Many other changes have been applied as well. For specific details on
what we changed based on each reviewer's comments, see below.

> ==================================================================
> Reviewer 1
> 				
> This reviewer recommends that this paper be accepted provided that
> c01..c03, p02..p03, and t02..t03 are consolidated and results are
> presented in both relative and absolute terms. If "before" is 10% and
> after is 15%, then relative improvement is 50% ((15% - 10%)/10%) and
> absolute improvement is 5% (15% - 10%).  I believe this will address
> many of this concerns mentioned below.

A most excellent idea. Figure 6, middle plots, show the results
from the combined data sets. It also shows how the combined data sets
"bridge the gap" between the experience with larger data sets
and the very small ones.

> 5. What do you see as the weakest aspect of this manuscript?
> 
> 1) The paper argues when less is "NOT" more on page 3.
>    If the paper is assuming a "data mining" applied to
>    "Software Engineering" context, then reason 1 does not
>    make much sense. If no data is available, then there
>    is no form of algorithmic and/or machine learning modeling.

Quite true. So the "NOT" section (which is now the second last section) now includes
notes on what to do when there is NO data present (see lines 360 to 370)

> 2) Figure 1 shows impressive results especially with data sets
>    5 through 12. However, sample size in data sets 5 though 10
>    are quite small. What about merging c01..c03; p02..p04; and
>    t02..t03? This would yield c0X = 56, p0X = 48, and t0X = 24.

Done: see figure 6

> 3) Figure 1 divides results into 2 subtables. What was the reasoning
>    for this partition? Is it based on sample size (larger samples
>    in top subtable)? Or is it based on public versus private data?

Roger. That old fig 1 was just a bad idea. Figure 6 breaks things out
based on pruning methods.
 
> 4) On page 2 the authors claim "If experience can tell us when
>    to add variables, it should also be able to tell us when to
>    subtract variables."
> 
>    It is assumed that "experience" refers to human-based
>    experience. If so, then is it really necessary to build
>    statistical/ML-based models?

The idea _was_ that experience processed by an AI agent would help
humans understand their systems better.  But, as correctly pointed out
by this reviewer, that idea was not properly developed. That metaphor
has been dropped.
 
> 5) Figure 2 is a bit confusing. It does not seem to add
>    much value to the paper. This reviewer suggests removing
>    the figure.

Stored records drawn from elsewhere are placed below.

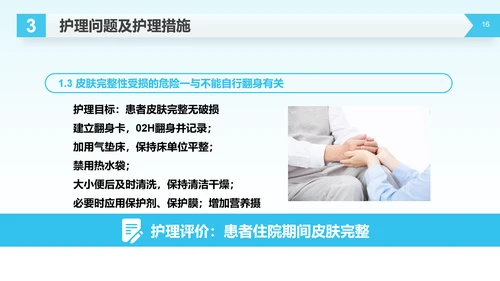 医疗生命守护者护理查房脑出血案例讲解PPT模板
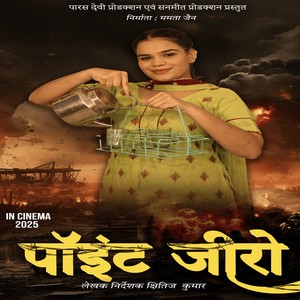 YEH SARHAD NAHI (Freestyle)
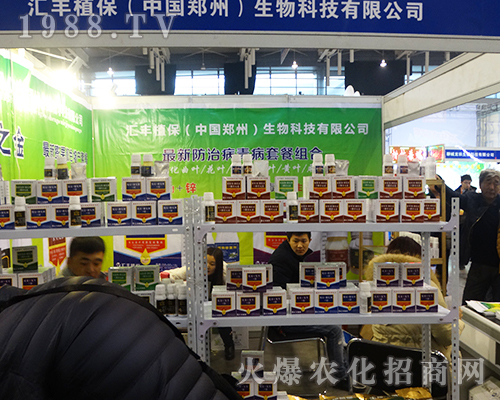 ݅RSֲxSӵ32Ͼֲp(hu)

It seems that the authors are proposing how
>    to incorporate variable reduction into the data mining
> process.

Agreed. Figure deleted.

> 6) In section 3 ("Why Subtract Variables"), the authors provide
>    business reasons why it is important to subtract variables.
>    In the second bullet, the authors provide an example of assessing
>    competitive bids. There are two concerns regarding this example:
>    A) It is an obvious example in the Time and Money will be
>       the most prominent driving forces.
>    B) This data mining type of problem is a lot easier than the
>       case study presented in the paper. The reason for this claim
>       is that the second bullet is an assessment type of  problem
>       as opposed to a predictor type of problem.

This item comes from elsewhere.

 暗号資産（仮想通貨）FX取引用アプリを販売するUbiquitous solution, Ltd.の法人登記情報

Agreed. Confused writing on our part. That section is now much shorter
and clearer.

> 7) In section 3 ("Why Subtract Variables"), the authors argue
>    for subtract variable because of "Irrelevancy." Essentially,
>    this is a Type I, Type II issue (Only throw away the irrelevant,
>    but keep the significant). Jumping ahead to Figure 5, there is
>    a blur between relevant and irrelevant. That is, the paper
>    argues the irrelevancy issue, but doesn't deliver consistent
>    results in Figure 5.

Agreed. The core issue (drawback) with feature subset selection is
that it is syntactic and confuse irrelevant with insignificant. A real solution
to this problem is beyond the scope of this paper.

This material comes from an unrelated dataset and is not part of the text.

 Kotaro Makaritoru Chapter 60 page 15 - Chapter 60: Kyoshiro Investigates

> 8) In section 3 ("Why Subtract Variables"), the authors argue
>    for subtracting variables because of "Under-sampling." 
>    A) For the paper "in preparation," the authors might want
>       to consider the question, "How many features are enough?"
>       That is, how does sample size drive feature set size.

Good idea

>    B) The argument made on page 6, first paragraph, assumes an
>       equal distribution of the variables, which is not normally
>       the case. Thus, the 88% and 3.5% results are "worst case
>       scenarios."

Agreed. Bad argument on our part. It has been dropped.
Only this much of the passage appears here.